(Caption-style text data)
>>>>>
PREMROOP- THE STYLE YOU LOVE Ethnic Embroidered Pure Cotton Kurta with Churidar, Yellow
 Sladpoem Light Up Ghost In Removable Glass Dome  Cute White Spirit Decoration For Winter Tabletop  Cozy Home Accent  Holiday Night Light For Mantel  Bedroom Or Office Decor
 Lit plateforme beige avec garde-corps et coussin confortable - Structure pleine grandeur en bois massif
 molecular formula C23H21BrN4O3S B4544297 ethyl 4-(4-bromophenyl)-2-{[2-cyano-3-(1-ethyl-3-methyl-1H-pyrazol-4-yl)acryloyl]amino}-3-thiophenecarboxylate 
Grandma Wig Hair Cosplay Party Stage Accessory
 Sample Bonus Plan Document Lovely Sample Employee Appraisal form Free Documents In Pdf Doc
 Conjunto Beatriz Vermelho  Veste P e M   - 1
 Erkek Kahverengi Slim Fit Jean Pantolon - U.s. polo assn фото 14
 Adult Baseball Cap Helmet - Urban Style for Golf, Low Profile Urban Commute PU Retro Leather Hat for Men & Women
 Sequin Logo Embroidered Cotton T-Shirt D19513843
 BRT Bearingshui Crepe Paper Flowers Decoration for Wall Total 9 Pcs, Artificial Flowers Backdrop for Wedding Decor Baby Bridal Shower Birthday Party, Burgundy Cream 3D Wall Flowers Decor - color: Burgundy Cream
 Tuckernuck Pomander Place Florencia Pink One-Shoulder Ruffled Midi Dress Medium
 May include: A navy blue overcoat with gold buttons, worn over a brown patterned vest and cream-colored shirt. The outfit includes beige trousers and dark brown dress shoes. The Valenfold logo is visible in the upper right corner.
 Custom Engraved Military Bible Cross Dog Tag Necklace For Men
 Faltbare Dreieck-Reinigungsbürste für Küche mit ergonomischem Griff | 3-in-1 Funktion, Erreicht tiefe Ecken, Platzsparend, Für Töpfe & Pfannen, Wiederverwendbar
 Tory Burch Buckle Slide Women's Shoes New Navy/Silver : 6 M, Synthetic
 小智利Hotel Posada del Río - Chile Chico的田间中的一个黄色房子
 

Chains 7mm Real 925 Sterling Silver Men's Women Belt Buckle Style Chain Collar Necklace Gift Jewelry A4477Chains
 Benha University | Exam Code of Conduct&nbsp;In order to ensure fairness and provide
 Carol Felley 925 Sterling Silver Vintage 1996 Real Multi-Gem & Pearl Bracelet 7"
<<<<<
All lines in the records that contain "Silver" are to be copied and returned.

 Tory Burch Buckle Slide Women's Shoes New Navy/Silver : 6 M, Synthetic
Chains 7mm Real 925 Sterling Silver Men's Women Belt Buckle Style Chain Collar Necklace Gift Jewelry A4477Chains
 Carol Felley 925 Sterling Silver Vintage 1996 Real Multi-Gem & Pearl Bracelet 7"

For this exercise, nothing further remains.